Elle fait un signe d’acquiescement.
— Vous me ferez prendre des cheveux blancs ! dit-elle.
— Pas de danger, je fais, avec la teinture que vous employez !
CHAPITRE IX
DERNIÈRE TENTATIVE
— Voilà, dis-je au boss. J’ai fait ça, patron, bien que ce ne soit pas joli, parce que, à mon avis, nous n’avons d’espoir de pousser ces salopards à l’action qu’en nous manifestant.
Les délais que nous accordent les Russes pour retrouver leur bonhomme expirent dans quatre jours, c’est du peu !
Il lisse son crâne en peau de fesse.
— En quoi la mort de cette fille poussera-t-elle les nazis à se manifester ? demande-t-il, d’un ton où perce une obscure réprobation.
— Suivez-moi, chef ! Lorsque, à Freudenstadt, ma bagnole a eu fait explosion, les Bunks ont aussitôt su que j’étais indemne. Ils avaient certainement quelqu’un de leur bord dans les parages de l’hôtel. L’aubergiste lui-même est peut-être dans le coup, qui sait ?
« Donc, ils ont appris, presque en même temps, que les forces d’occupation mettaient une voiture à ma disposition. Le colonel l’a gueulé dans la cour, devant tout le monde.
« Il aurait fallu être sourdingue pour ne pas le savoir. Il leur restait donc la possibilité d’organiser un coup fourré ; seulement, étant conduit par un soldat français, cet attentat prenait tout de suite une signification trop grave. Ça devenait un crime international. Ils ont préféré dépêcher une fille à eux sur la route pour essayer de m’avoir à la douceur… Ça leur permettait de se rencarder un peu sur moi… Je suppose que ma personnalité devait les intriguer un brin, non ? »
— Continuez, dit le chef…
Il me regarde comme au cirque on regarde les évolutions du trapéziste sans filet. Seulement, ma gymnastique aérienne est une gymnastique morale…

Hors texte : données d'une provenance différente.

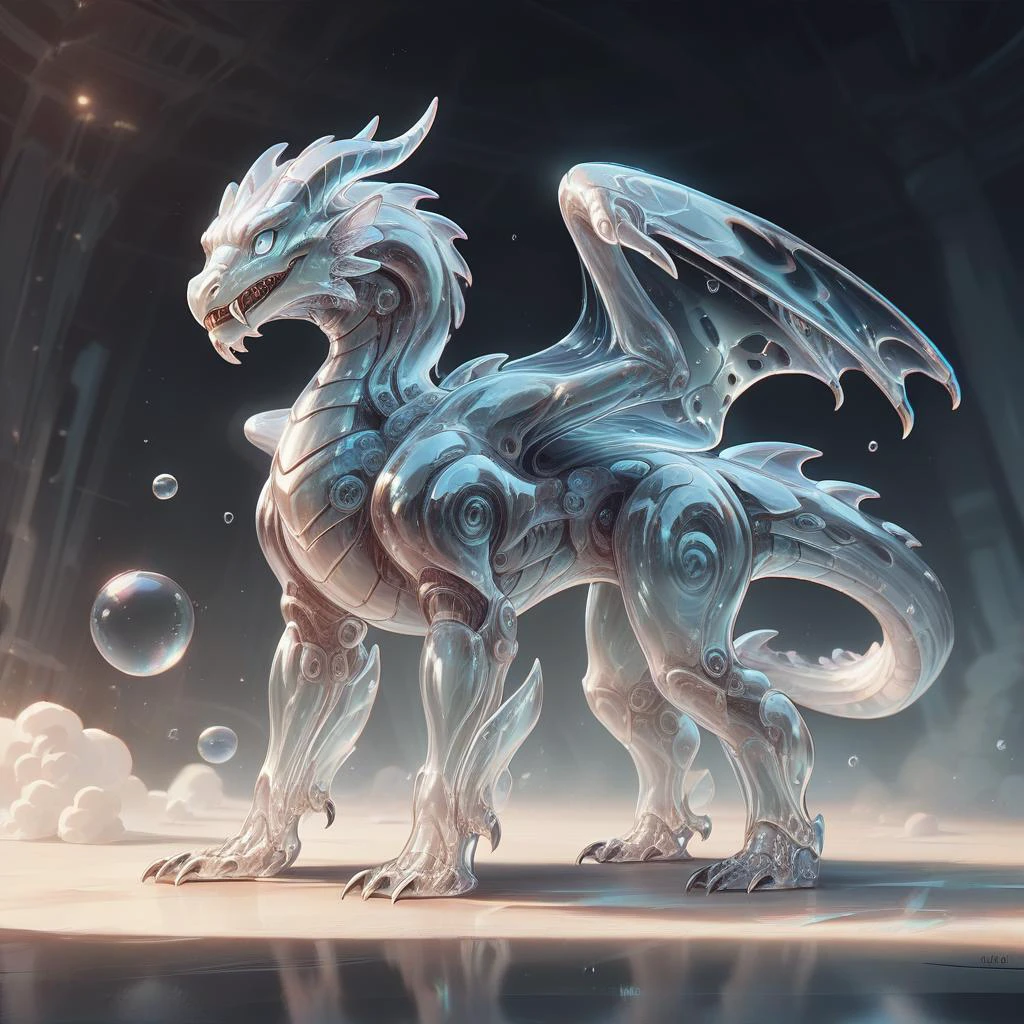 score_9, score_8_up, <lora:BubblyTech_PonyXL_B-000013:1>,bubblytech ,scifi, transparency, caustics , iridescent,
animal, full body, quadruped, winged dragon, horns, scales, claws, fangs,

— Donc, ils ont collé cette gosse à mes trousses. Il est évident qu’elle devait les contacter dès que possible. Or, elle n’a pu se manifester depuis le moment où elle a été avec moi, c’est évident. Je ne l’ai pas quittée d’une semelle et, une fois qu’elle a été chez la mère Tapautour, elle n’est pas sortie et n’a pas téléphoné…
— Alors ?…
— Alors, fais-je, ne recevant aucune nouvelle d’elle, ils vont bien essayer de savoir ce qui lui est arrivé… Lorsqu’ils verront dans la presse, demain, qu’une mystérieuse jeune femme non identifiée s’est défenestrée, ils enverront quelqu’un à la morgue afin de vérifier s’il s’agit de Rachel. J’ai donné des instructions formelles pour qu’aucune photographie d’elle ne soit publiée.
— Je commence à voir où vous voulez en venir, murmure le boss. C’est très fort, j’en conviens. Nous allons installer une permanence à la morgue, et tous ceux qui viendront regarder le cadavre de la jeune femme seront pris en filature…
— Voilà ! triomphé-je.
— Vous avez eu cette idée avant de… de la pousser, San-Antonio ?
— Oui, fais-je en pâlissant un peu…
Le patron se lève.
— Chapeau bas, murmure-t-il, admirateur.
— C’est le cas de le dire, boss !
Je suis dans mon lit, et j’en écrase comme un loir.
Je rêve que je suis embauché aux Folies-Bergère pour faire des trucs en ombres chinoises à la vedette du spectacle… Nous sommes derrière un écran en verre dépoli, un projecteur nous biche en pleine poire. Je soulève la plume d’autruche qui l’habille et je commence l’exercice lorsqu’une sonnerie retentit. Cette sonnerie veut dire : en scène ! Bon Dieu ! mais j’y suis, en scène !
La sonnerie continue, lancinante.
Merde à la fin ! Il devient dingue, le régisseur, ou quoi ?
C’est à ce moment que je me réveille et que je comprends que cette sonnerie insistante est, en réalité, celle du téléphone.